Égalité des femmes : l’enjeu du XXIè siècle ?
SÉRÉNADE CHAFIK,
Militante féministe française d’origine égyptienne
Égypte : mettre fin au Code du statut personnel et instaurer un état laïc
« La plupart des associations féministes veulent mettre fin au Code du statut personnel.»
En Égypte, les révolutionnaires ont déjà obtenu la chute de Moubarak, le système quant à lui demeure toujours en place.
Actuellement nous nous retrouvons avec un ancien chef d’État renversé mais séjournant toujours dans les palais présidentiels à Charm-el-Cheikh, un ancien vice-président, Omar Souleimane, siégeant toujours au palais présidentiel au Caire, un actuel premier ministre nommé par le président déchu (*) et une commission de révision de la Constitution nommée par l’armée et travaillant uniquement sur les 6 articles comme l’avait décidé Moubarak !
Entre les vendredis 4 et 11 février, la révolution a été renforcée d’une façon significative par le mouvement ouvrier ; désormais une coalition entre la classe moyenne très instruite et la classe ouvrière donne à ce mouvement une dimension sociale.
Le premier acquis de cette révolution est le sentiment d’appartenance au pays, la réappropriation depuis quelques jours seulement de la citoyenneté ; terme jusqu’alors revendiqué mais jamais encore expérimenté. Une citoyenneté partagée entre musulmans et chrétiens qui côte à côte défient le pouvoir et acclament la chute du système.

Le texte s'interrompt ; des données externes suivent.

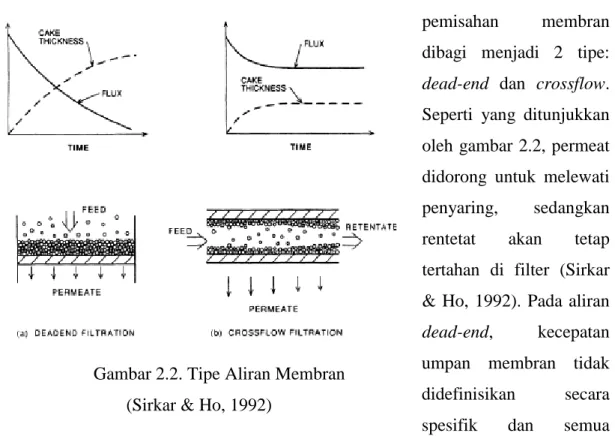 Gambar 2.2. Tipe Aliran Membran   (Sirkar &amp; Ho, 1992)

Une citoyenneté également partagée entre les hommes et les femmes, qui se sont retrouvés ensemble dans une mixité retrouvée avec les mêmes revendications de liberté et d’égalité sociale. Durant des années, l’Occident justifiait sa politique de soutien aux dictateurs arabes par la mence que représentaient les extrémistes religieux et l’islam politique au pouvoir.
Si en Égypte nous vivons l’ère post-islam politique, en Occident et particulièrement en France, nous assistons à un regain d’une pensée néocoloniale, archaïque, méprisante, niant tout universalisme des droits humains, exprimant sa peur de tout changement au Moyen-Orient, mettant en doute la capacité de l’Égypte à instaurer une démocratie, comme nous pouvons le lire dans les articles de certains intellectuels.
Dans le Figaro des 29 et 30 janvier, Alexandre Adler prédit une dictature intégriste au Caire, il présente aussi El baradei, opposant à Moubarak, comme un « pervers polymorphe ». dans Libération du 3 février, c’est au tour d’alain Finkielkraut d’ironiser à propos d’El Baradei, « l’homme de la transition démocratique ou l’idiot utile de l’islamisme3. Quant à Bernard-henry Lévy, il brandit le spectre de l’Iran, en faisant croire que les fondamentalistes constituent un risque avéré.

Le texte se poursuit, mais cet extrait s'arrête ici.